I was off balance, unsighted, and that gave Lubashov the opportunity to pull at my leg and bring me down. I managed to keep hold of my Yarygin, slammed the butt against Lubashov’s nose. The bone shattered and I was drenched as his blood spurted across my face.
“Maxim!” Lubashov yelled. “Kill them!”
Maxim fired off another shot which shattered the mirror behind the bar and sent bottles cascading and splintering. That was all the time Saltanat needed to fire her own weapon twice, hitting Maxim in the shoulder and stomach, the shots knocking him back on his feet. Surprise turned to an expression of pain as he watched blood leaking out of his shirt. He looked puzzled, the way people do when they suddenly realize they’ve lost a filling, or their apartment keys are missing. He put out an arm to steady himself, gain time, decide on his next target. I watched as his life struggled to hang on, a man dangling by his fingertips over a spring-swollen river. And then he staggered backward, dropping the gun as he fell.
Gunsmoke rose in a lazy spiral toward the ceiling. The room held its breath in shocked silence. Lubashov clutched the ruins of his face, whimpering to himself. I hauled myself up, holstered my gun.
“Akyl, we have to get out of here,” Saltanat murmured. “Before the law arrives.”
I nodded, looked round to see what Kamchybek was doing.
“We have a problem,” I said, pointing at our not-so-little songbird.
“Fuck,” Saltanat said, looking at the hole in Kamchybek’s face. His left cheek, torn away by one of the Glock’s bullets, revealed an uneven row of yellowing teeth. His face had the sullen cast of a particularly bitter sneer. One eyelid drooped lower than the other, giving him the look of a lecherous pimp who has just reeled in a live one.

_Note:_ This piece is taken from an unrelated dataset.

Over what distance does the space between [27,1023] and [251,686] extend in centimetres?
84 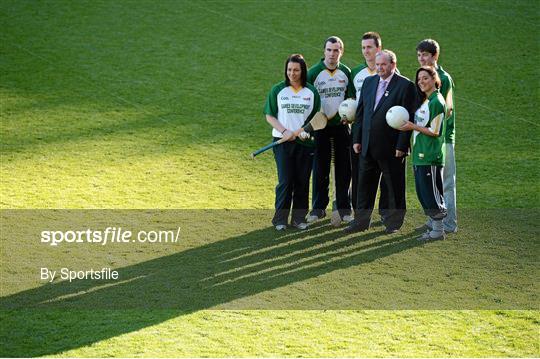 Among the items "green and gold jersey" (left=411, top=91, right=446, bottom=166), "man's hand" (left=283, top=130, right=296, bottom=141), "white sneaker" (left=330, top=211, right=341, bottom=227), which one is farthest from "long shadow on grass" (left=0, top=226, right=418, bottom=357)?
"man's hand" (left=283, top=130, right=296, bottom=141)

I reached forward, picked up the iPhone, slid it into my pocket.
“Come on,” I said, stepping over Lubashov, pausing only to bring my boot heel down hard on his gun hand, before heading for the stairs. “Let’s hope it’s stopped raining.”
We pulled up once more outside Saltanat’s hotel. I saw the hotel’s name embossed on the high metal gates. Umai, after the Kyrgyz goddess of fertility and virginity. Umai is supposed to be the special protector of women and children, so I suppose she’s my boss in the long run. I didn’t think I could rely on any special favors from her. But I’m always willing to hope.
Saltanat tried the remote, but the gates remained shut. She hit the horn, and the gates finally swung open to let us enter. A burly, shaven-headed man in his fifties stood behind the wooden bar under the canopy, sheltering from the rain. Saltanat climbed out of the car, ran over and kissed him on the cheek. He greeted her warmly, looked at me as I joined them. While not openly hostile, he looked at me as if I’d be the cause of trouble for him, his hotel, and his friend.
“Inspector Akyl Borubaev, Bishkek Murder Squad.” Saltanat made the introductions.
“ Privyat ,” I said, held out my hand. He took it, nodded, his face thawing slightly.
“And you are?” I asked.
“Rustam,” he answered, his accent Uzbek. He gestured at the fridges behind the bar, stocked with bottles of pivo and vodka. “Help yourself. I’ll organize food,” and with that, he walked toward the hotel’s side entrance.